Exercise brief: Give back exactly the lines of the data below, starting with the line that has "1990-91 Skybox Karl" and going on through the line that has "Miu Miu Mary Jane Shoes".

Provided records:
┄┄┄┄┄┄┄┄┄┄

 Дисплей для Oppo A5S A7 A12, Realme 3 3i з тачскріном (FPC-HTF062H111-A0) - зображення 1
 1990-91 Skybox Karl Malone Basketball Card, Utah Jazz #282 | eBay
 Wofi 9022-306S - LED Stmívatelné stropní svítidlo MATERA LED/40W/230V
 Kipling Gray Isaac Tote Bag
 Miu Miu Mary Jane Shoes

┄┄┄┄┄┄┄┄┄┄

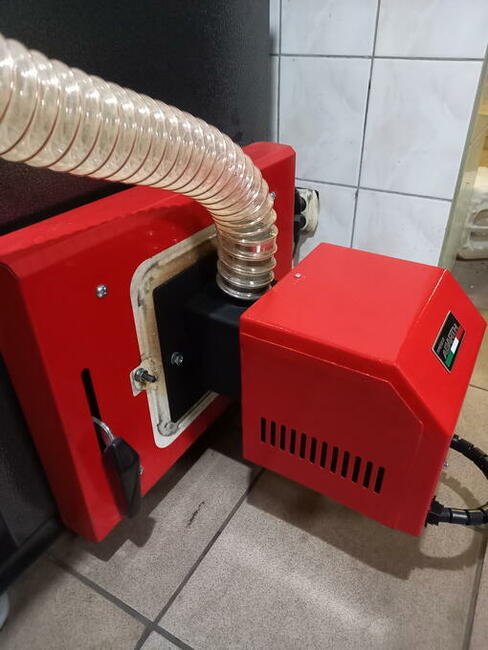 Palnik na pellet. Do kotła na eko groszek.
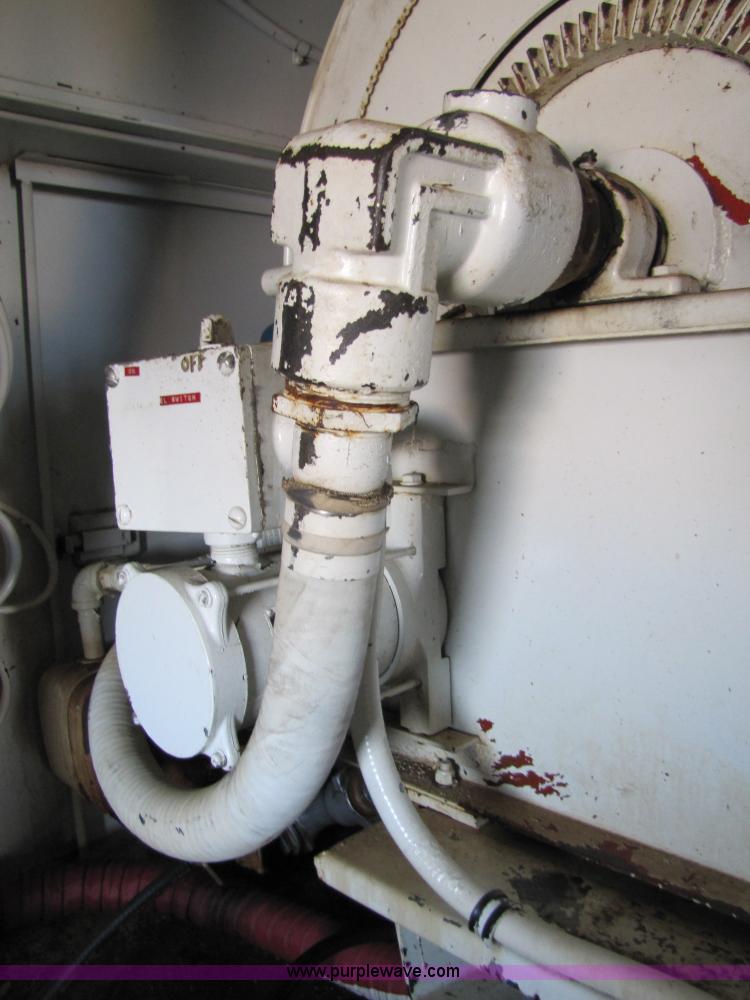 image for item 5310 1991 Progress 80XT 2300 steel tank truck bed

┄┄┄┄┄┄┄┄┄┄

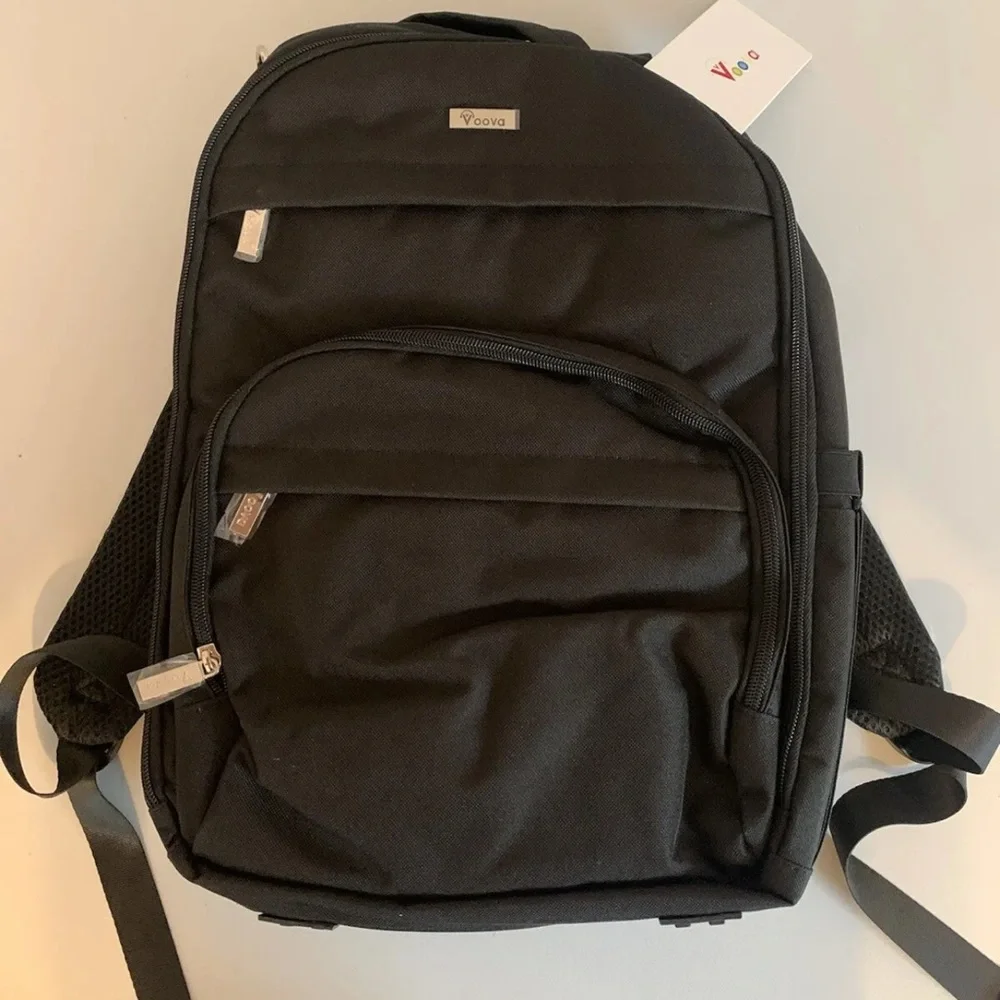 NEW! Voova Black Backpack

┄┄┄┄┄┄┄┄┄┄

Expected output:
 1990-91 Skybox Karl Malone Basketball Card, Utah Jazz #282 | eBay
 Wofi 9022-306S - LED Stmívatelné stropní svítidlo MATERA LED/40W/230V
 Kipling Gray Isaac Tote Bag
 Miu Miu Mary Jane Shoes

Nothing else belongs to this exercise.